Extracted data entries:
»»

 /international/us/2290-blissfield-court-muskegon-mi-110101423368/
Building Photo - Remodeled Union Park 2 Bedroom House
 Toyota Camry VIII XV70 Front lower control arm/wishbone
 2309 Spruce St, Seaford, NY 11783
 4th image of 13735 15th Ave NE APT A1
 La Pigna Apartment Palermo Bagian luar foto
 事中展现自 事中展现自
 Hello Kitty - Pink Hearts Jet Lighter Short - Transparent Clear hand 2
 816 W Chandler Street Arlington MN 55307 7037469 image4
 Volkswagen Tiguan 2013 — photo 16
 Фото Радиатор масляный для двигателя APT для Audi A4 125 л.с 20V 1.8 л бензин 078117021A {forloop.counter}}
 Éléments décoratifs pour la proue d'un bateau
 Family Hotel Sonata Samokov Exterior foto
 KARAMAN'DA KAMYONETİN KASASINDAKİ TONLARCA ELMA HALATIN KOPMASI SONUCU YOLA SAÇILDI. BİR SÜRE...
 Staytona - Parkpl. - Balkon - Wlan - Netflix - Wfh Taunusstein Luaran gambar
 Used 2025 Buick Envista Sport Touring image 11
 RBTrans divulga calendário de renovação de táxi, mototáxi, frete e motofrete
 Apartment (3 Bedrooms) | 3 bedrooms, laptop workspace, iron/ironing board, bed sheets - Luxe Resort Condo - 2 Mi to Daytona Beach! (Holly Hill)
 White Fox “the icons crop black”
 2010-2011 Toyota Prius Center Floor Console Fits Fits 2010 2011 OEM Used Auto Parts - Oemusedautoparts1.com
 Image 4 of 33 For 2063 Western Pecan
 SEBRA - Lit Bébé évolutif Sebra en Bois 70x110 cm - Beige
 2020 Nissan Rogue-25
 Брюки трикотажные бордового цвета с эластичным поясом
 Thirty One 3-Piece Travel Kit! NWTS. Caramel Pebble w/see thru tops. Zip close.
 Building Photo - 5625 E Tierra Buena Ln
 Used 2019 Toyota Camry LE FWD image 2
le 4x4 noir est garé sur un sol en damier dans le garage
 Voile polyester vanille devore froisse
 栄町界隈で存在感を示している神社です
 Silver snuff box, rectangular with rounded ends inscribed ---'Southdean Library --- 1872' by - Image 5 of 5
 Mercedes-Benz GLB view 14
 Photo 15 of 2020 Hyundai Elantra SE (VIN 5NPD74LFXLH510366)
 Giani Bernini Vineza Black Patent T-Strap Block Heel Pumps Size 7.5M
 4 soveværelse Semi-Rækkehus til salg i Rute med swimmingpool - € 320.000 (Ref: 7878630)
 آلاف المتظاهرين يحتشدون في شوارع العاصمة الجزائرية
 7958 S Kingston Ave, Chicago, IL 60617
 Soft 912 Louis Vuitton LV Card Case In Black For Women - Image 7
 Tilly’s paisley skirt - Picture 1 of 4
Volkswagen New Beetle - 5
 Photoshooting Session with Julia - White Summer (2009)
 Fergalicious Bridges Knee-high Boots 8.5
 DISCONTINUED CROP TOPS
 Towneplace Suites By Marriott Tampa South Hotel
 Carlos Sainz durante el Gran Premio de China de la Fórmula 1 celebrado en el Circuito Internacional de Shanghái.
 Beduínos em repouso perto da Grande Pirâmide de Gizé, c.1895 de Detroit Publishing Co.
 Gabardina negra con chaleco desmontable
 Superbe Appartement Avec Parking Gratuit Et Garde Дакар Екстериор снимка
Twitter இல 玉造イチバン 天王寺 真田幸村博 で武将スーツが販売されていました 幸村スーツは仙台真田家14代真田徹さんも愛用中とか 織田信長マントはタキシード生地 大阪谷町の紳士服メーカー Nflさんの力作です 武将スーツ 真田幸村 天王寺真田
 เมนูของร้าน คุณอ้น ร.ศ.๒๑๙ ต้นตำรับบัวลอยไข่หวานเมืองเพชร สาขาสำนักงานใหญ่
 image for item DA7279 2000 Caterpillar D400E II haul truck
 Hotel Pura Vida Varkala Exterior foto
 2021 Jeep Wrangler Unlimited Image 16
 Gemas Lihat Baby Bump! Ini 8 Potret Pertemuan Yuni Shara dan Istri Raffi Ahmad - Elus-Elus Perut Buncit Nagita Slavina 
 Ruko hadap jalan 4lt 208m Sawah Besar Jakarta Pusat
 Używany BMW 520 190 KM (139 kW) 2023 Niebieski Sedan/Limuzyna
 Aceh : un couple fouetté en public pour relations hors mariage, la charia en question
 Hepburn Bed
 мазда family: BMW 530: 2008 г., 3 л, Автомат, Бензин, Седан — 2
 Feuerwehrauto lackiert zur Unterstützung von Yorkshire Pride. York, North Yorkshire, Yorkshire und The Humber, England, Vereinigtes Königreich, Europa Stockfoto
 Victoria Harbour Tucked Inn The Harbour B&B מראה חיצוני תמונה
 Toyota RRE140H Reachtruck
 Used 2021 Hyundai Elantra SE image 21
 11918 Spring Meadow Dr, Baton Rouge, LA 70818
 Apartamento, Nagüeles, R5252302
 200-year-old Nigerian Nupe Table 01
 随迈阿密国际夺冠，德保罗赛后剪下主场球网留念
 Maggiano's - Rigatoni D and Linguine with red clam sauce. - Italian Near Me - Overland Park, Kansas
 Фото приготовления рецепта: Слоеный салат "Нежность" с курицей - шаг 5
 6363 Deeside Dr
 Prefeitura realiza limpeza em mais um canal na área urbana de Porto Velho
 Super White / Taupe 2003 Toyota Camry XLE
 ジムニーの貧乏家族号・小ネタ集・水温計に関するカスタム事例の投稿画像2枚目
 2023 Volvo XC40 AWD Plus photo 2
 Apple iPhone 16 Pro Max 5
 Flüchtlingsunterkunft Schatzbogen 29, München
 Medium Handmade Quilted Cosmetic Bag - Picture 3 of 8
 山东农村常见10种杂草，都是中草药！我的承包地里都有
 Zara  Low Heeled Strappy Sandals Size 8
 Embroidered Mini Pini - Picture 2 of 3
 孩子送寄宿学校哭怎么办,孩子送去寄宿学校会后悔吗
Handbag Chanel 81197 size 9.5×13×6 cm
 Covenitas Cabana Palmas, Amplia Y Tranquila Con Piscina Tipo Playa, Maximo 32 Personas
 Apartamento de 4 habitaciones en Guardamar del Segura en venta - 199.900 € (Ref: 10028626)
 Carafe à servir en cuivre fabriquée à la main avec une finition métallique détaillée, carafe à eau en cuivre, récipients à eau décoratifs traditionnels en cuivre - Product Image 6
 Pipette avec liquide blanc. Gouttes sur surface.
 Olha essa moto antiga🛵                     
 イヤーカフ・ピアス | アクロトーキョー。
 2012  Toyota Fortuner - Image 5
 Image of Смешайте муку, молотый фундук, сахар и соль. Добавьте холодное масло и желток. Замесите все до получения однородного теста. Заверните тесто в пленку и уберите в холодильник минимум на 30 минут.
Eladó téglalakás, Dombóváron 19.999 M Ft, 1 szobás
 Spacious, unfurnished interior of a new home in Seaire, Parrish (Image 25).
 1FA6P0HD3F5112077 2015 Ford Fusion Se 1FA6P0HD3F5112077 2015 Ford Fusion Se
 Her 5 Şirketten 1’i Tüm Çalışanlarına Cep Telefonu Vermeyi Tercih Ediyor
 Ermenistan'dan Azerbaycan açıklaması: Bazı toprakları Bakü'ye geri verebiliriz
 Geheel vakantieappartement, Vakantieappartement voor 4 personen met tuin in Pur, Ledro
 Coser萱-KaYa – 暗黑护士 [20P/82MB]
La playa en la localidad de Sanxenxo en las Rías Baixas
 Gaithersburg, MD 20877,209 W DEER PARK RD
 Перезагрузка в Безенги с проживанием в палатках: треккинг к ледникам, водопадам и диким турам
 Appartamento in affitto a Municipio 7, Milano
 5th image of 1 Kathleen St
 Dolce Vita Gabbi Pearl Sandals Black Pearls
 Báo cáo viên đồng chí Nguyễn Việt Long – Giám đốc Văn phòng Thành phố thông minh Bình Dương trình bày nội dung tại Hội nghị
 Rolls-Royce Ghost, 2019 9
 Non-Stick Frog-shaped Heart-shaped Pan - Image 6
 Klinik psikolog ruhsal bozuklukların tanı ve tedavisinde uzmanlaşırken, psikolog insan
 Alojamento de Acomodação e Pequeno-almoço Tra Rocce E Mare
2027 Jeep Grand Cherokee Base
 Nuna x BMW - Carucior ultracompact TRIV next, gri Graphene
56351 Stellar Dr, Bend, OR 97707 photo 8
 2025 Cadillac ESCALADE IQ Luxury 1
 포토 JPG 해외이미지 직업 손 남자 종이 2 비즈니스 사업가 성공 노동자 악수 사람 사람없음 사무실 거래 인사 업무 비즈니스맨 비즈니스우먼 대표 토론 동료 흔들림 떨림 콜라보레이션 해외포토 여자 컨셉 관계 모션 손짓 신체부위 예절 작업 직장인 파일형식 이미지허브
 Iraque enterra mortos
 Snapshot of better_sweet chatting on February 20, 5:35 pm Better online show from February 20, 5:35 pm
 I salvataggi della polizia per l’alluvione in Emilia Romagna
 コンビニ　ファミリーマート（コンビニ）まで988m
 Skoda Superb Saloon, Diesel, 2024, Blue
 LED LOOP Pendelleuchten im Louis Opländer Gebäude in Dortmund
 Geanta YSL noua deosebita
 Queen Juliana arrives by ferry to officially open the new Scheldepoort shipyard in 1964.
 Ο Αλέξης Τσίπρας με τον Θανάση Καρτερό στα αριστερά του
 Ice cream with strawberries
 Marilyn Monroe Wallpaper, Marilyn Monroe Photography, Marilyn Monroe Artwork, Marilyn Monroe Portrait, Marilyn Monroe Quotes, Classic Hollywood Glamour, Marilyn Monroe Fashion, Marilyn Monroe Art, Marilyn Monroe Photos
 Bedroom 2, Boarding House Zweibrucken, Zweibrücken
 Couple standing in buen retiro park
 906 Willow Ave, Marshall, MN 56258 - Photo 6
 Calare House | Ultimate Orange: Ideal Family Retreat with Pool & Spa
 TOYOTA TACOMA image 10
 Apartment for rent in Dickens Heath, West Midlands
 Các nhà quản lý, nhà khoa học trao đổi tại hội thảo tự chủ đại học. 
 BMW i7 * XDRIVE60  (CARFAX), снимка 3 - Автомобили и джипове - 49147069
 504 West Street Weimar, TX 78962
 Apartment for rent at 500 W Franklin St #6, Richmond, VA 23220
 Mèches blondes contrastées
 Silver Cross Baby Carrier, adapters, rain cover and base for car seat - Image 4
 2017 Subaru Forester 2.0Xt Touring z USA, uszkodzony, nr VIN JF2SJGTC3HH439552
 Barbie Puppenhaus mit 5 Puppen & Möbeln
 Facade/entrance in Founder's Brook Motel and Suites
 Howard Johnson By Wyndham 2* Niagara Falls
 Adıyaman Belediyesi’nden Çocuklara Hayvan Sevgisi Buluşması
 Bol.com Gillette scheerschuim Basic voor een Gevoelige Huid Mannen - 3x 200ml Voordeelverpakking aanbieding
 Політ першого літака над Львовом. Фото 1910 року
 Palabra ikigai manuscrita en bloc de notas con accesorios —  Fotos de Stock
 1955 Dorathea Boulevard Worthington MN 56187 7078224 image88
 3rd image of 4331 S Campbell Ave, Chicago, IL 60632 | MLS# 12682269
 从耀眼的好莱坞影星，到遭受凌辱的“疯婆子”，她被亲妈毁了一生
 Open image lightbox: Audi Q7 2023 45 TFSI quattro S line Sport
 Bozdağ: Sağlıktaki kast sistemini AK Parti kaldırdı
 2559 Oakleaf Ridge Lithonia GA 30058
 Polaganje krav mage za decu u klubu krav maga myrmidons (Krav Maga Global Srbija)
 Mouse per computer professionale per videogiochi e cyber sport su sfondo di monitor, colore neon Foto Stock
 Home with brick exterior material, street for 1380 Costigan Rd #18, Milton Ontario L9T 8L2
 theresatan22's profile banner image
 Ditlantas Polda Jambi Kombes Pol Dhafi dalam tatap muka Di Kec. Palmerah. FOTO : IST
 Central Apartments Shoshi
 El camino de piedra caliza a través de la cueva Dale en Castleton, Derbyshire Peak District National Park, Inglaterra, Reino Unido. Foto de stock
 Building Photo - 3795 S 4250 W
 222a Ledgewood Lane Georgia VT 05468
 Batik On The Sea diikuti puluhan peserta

««

How to complete this task: Retype the entries exactly from the first line, stopping after the line with "Фото Радиатор масляный".

Written answer:
 /international/us/2290-blissfield-court-muskegon-mi-110101423368/
Building Photo - Remodeled Union Park 2 Bedroom House
 Toyota Camry VIII XV70 Front lower control arm/wishbone
 2309 Spruce St, Seaford, NY 11783
 4th image of 13735 15th Ave NE APT A1
 La Pigna Apartment Palermo Bagian luar foto
 事中展现自 事中展现自
 Hello Kitty - Pink Hearts Jet Lighter Short - Transparent Clear hand 2
 816 W Chandler Street Arlington MN 55307 7037469 image4
 Volkswagen Tiguan 2013 — photo 16
 Фото Радиатор масляный для двигателя APT для Audi A4 125 л.с 20V 1.8 л бензин 078117021A {forloop.counter}}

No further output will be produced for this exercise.